Solution 11773: Implied Multiplication Versus Explicit Multiplication on TI Graphing Calculators.

Does implied multiplication and explicit multiplication have the same precedence on TI graphing calculators?

Implied multiplication has a higher priority than explicit multiplication to allow users to enter expressions, in the same manner as they would be written. For example, the TI-80, TI-81, TI-82, and TI-85 evaluate 1/2X as 1/(2X), while other products may evaluate the same expression as 1/2X from left to right. Without this feature, it would be necessary to group 2X in parentheses, something that is typically not done when writing the expression on paper.

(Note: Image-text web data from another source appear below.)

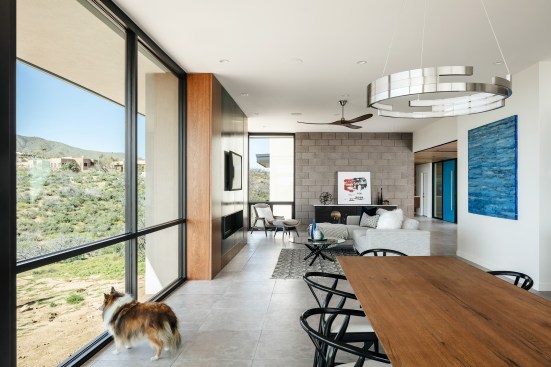 View looking from the dining area back towards the living area and entry.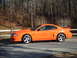 1995 Ford Mustang - Side view of an orange 1995 Ford Mustang coupe.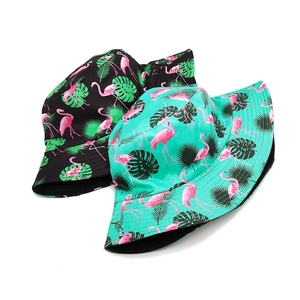 Double-sided tropical print bucket hat featuring pink flamingo and green leaf patterns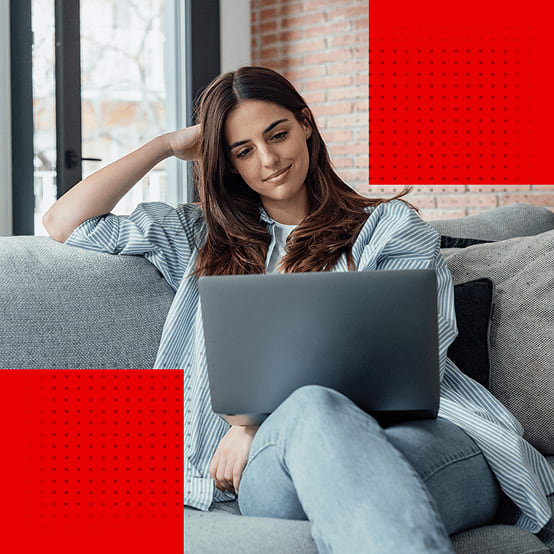 Woman sitting on couch looking at laptop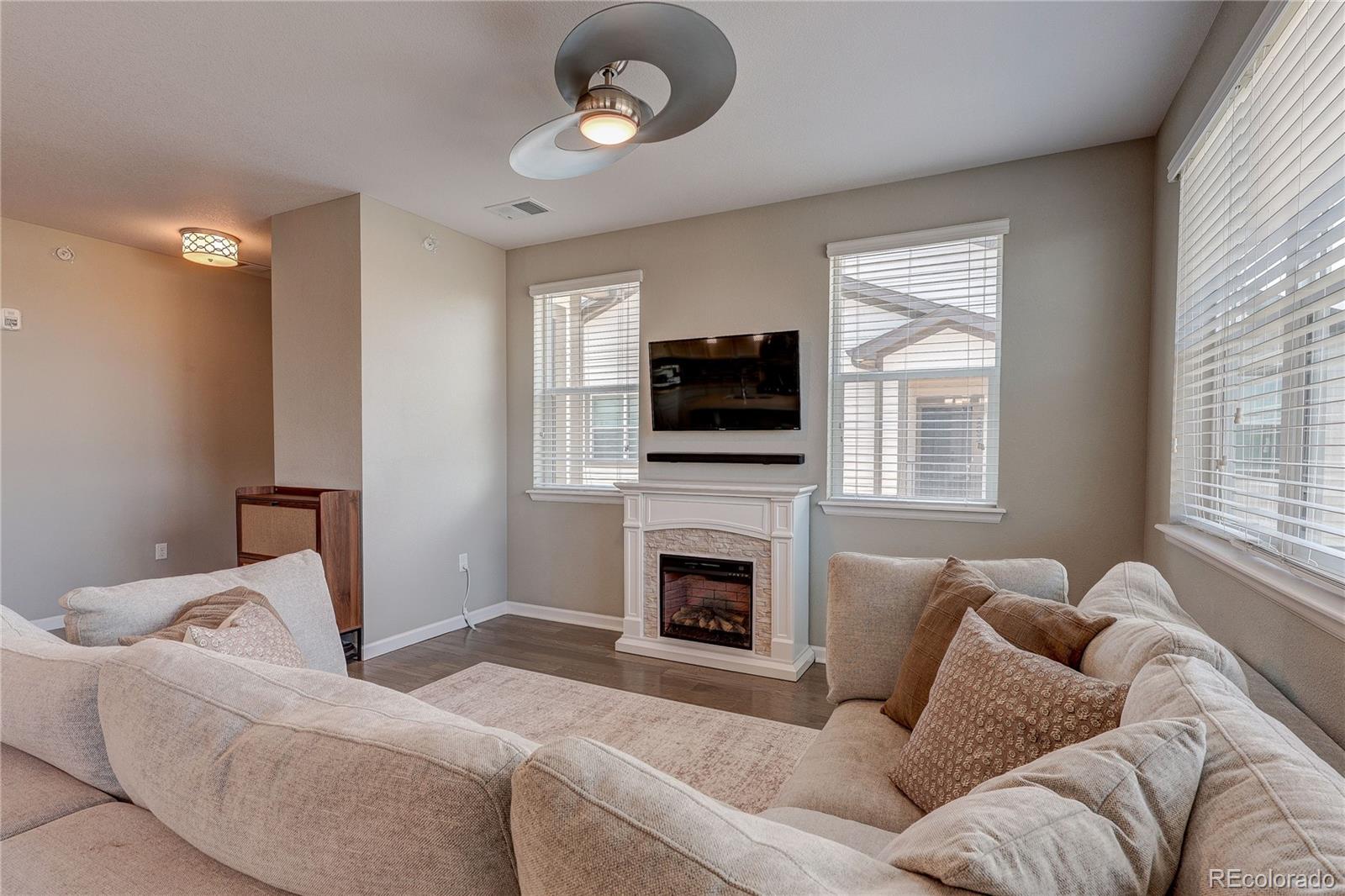 4777 Copeland Circle, Unit 204 Highlands Ranch, CO 80126 - Photo 9 of 39 a living room with furniture a fireplace and a flat screen tv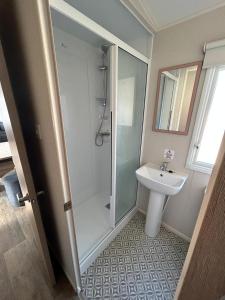 uma casa de banho com um chuveiro e um lavatório. em Lovely 2-Bed Luxury Caravan in Newquay em Newquay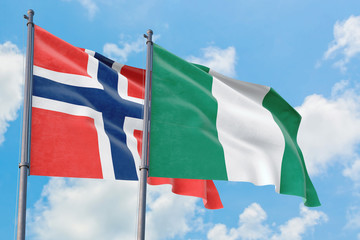 Nigeria and Bouvet Islands flags waving in the wind against white cloudy blue sky together. Diplomacy concept, international relations.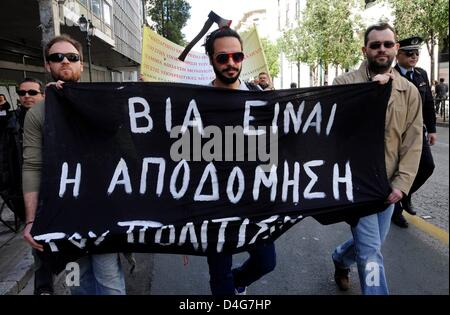 Ein Mann mit einer Axt-Mock-up auf dem Kopf trägt einen Banner während einer Protestaktion durch Museumsmitarbeiter Kulturministerium in Athen, Griechenland, 13. März 2013. Staatliche Museen und archäologischen Stätten werden bis 19. März 2013 wegen Streiks durch Museumsmitarbeiter geschlossen. Die Proteste richten sich gegen die Umstrukturierung der Verwaltung der Kulturpolitik. Foto: Michael Anhaeuser Stockfoto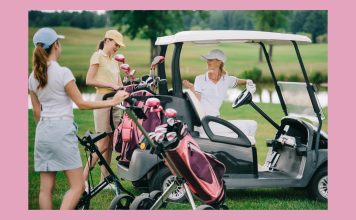 three women talking t each other while a golf retreat with golf clubs and golf cart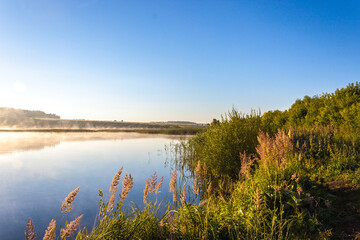 Landscape of lake in mist with sun glow at sunrise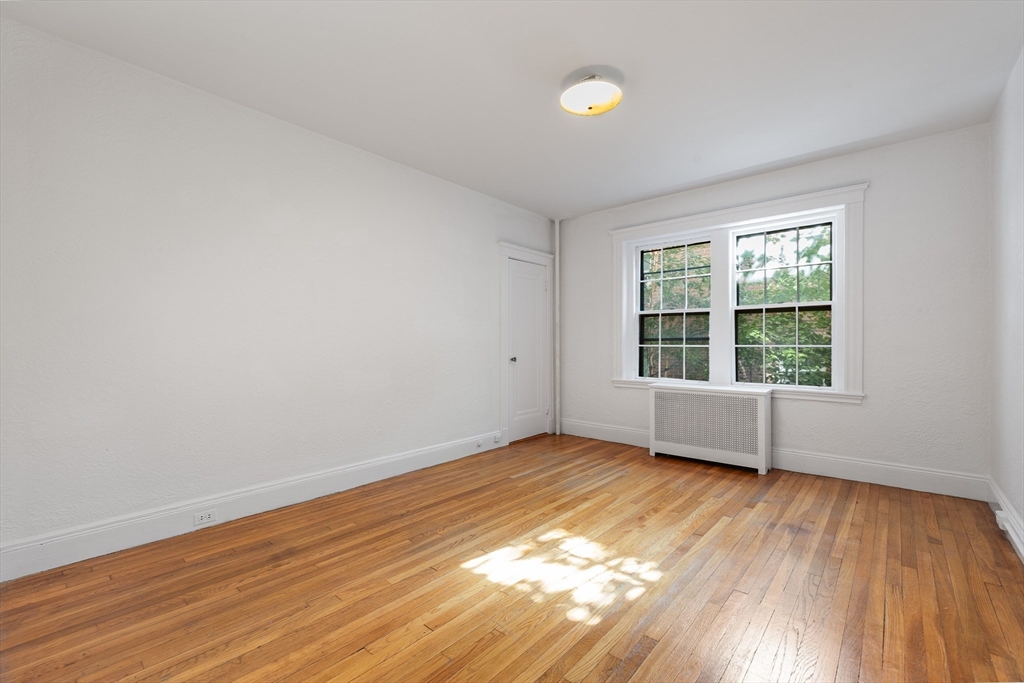15-17 James Street, Unit 2 Brookline, MA 02446 - Photo 19 of 28 a view of an empty room with wooden floor and a window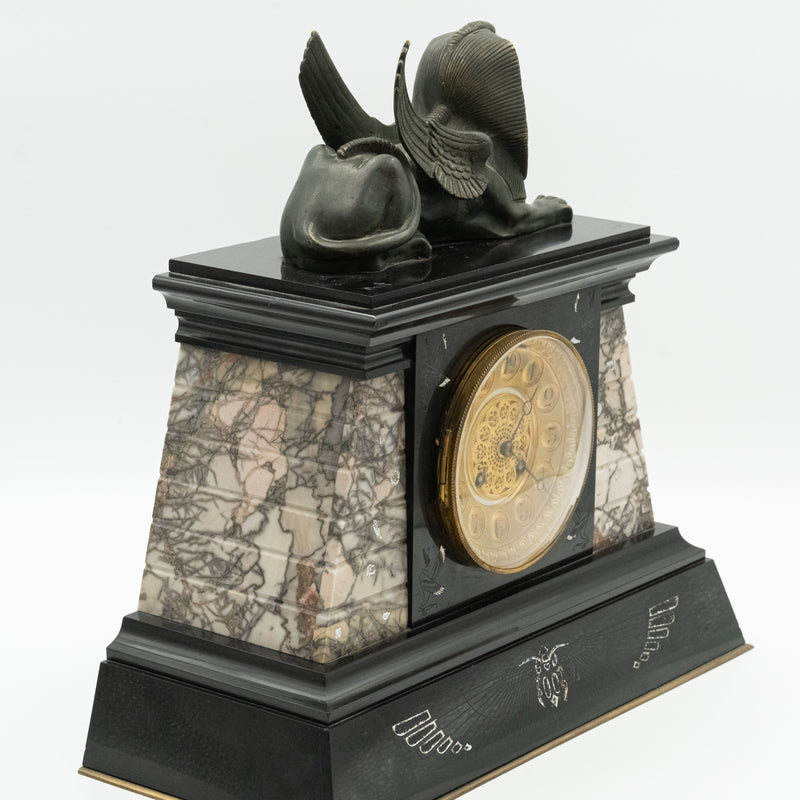 Antique marble mantel clock with an Egyptian motif decorated with a winged sphinx on top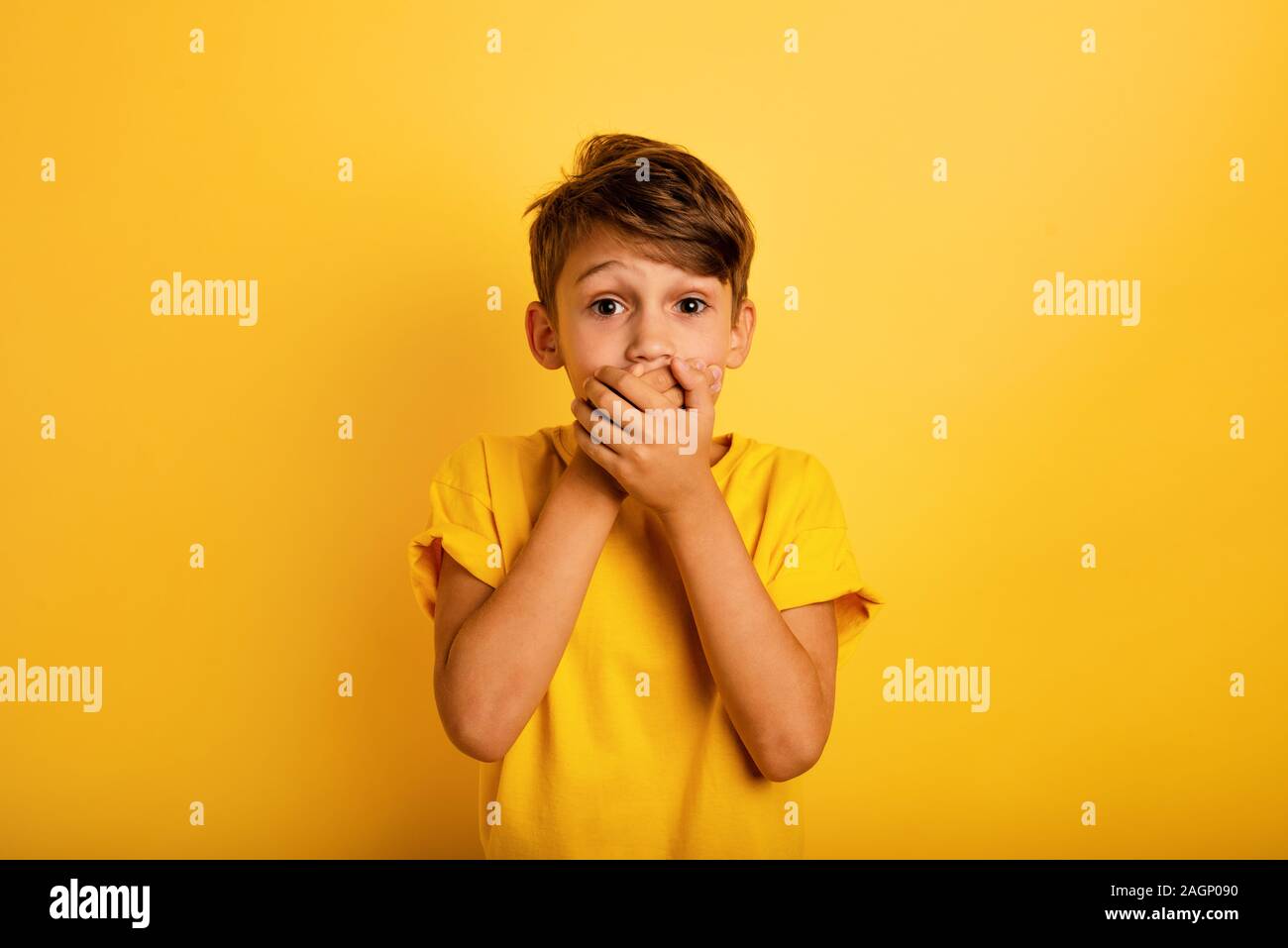 Bambino sorpreso vuole parlare. Stupiti e si chiedeva di espressione. Sfondo giallo Foto Stock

This order of precedence was changed for the TI-83 family, TI-84 Plus family, TI-89 family, TI-92 Plus, Voyage™ 200 and the TI-Nspire™ Handheld in TI-84 Plus Mode. Implied and explicit multiplication are given the same priority.

That said, I’m not sure TI did students any favors when their own products can’t be trusted to behave consistently across the lineup.

Doing my best…

(7/2 - 2) = (7/2 - 4/2) = 3/2, so the equation is now 8 +4^2 ÷ 3/2

4^2 = 16, 16+8 = 24, so the equation is now 24 ÷ 3/2

24 ÷ 3/2 = 24 x 2/3 = 48/3 = 16

My answer is 16. I followed the convention of doing everything in parentheses first. I considered the 16+8 to be the numerator of a fraction and the 2/3 to be the denominator. Right or wrong, if I were being tested, I would answer 16.

I hope I have helped you

Uh, I can’t math today. 2/3 gets rounded down to zero in most languages. Still not the result you probably want, though :slight_smile:.

This just illustrates what I wrote a few posts up: The / is used instead of the horizontal bar in order to write a fraction on one line, BUT the problem is that / doesn’t really have the same semantics as the horizontal-line format of a fraction.

When I learned algebra, starting in 9th grade in 1965, we learned the symbols of grouping: ( ), (that’s supposed to be left and right square brackets), and { } AND also, that a horizontal bar above or below part of an expression is also a symbol of grouping.

The book had many sample problems to work that made use of that, in ways that you would NEVER EVER see elsewhere. But the point (that the textbook never explicitly mentioned) was the use of the horizontal bar in fractions, and also the horizontal bar in writing radicals with the entire radicand under the bar. In those uses, the horizontal bar does serve double-duty as a symbol of grouping, while the slash / does not.

The issue is always opportunity cost. Complex abstract concepts can be taught, but they take time. So what do you cut out of Alg 1 to make a couple weeks to really dig into notation?

To the wider point: Google Classroom and Google Forms have basically no formating options. You can’t bullet, bold, anything. You can attach a Google doc, but then you have to grade by hand (which this teacher may well be doing for other assignments). Of she’s using Google as her main platform (and I think most of us are), it really sucks for math.

Agreed. I don’t expect them to be able to teach this to all kids at the primary school level. I think if you can, and if your child takes to it, its a fantastic form of additional enrichment you can take-- deep dive into this kind of stuff.

Does this help the OP in any way?

The OP’s question was answered a long time ago and the discussion moved past that already. Who shat in your cornflakes?

Sorry, I don’t follow what point you’re making here - it seems to me the vast majority are getting the ‘correct’ answer on that basis, and the 2 that didn’t have interpreted the calculation in a way that isn’t entirely unreasonable. Either way there is no reason not to add some parentheses to make things unambiguous.

The point is that none of the 60 humans got the computerised answer, even though ‘everyone nowadays uses computers.’ Secondarily, that not everyone got the same answer. Therefore, absolutely, some parentheses or some reformatting may be necessary.

Oh, sure, a few extra sets of parentheses never hurt anyone. When in doubt, make things less ambiguous.